§ SUPPLIED ENTRIES
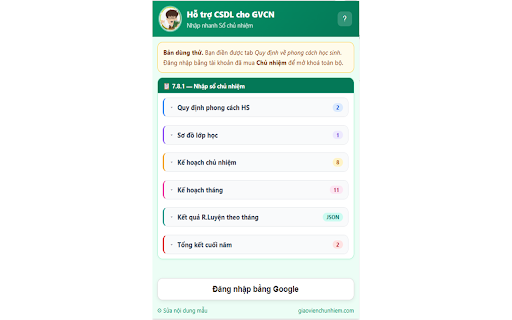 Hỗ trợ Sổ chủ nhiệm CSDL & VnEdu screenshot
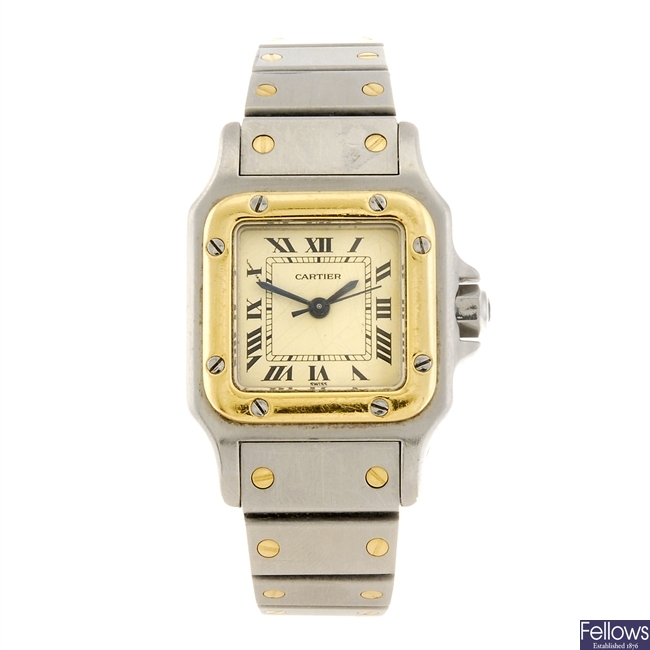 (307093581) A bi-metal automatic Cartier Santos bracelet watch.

* * *

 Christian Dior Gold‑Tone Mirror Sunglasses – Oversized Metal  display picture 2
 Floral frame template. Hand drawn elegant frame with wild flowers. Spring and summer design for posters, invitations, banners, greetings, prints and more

§ EXERCISE INSTRUCTIONS
Using the data above, reproduce exactly the lines from the line that contains "Christian Dior Gold‑Tone" through the line that contains "Floral frame template.", including both.

§ SOLUTION TO THE EXERCISE
 Christian Dior Gold‑Tone Mirror Sunglasses – Oversized Metal  display picture 2
 Floral frame template. Hand drawn elegant frame with wild flowers. Spring and summer design for posters, invitations, banners, greetings, prints and more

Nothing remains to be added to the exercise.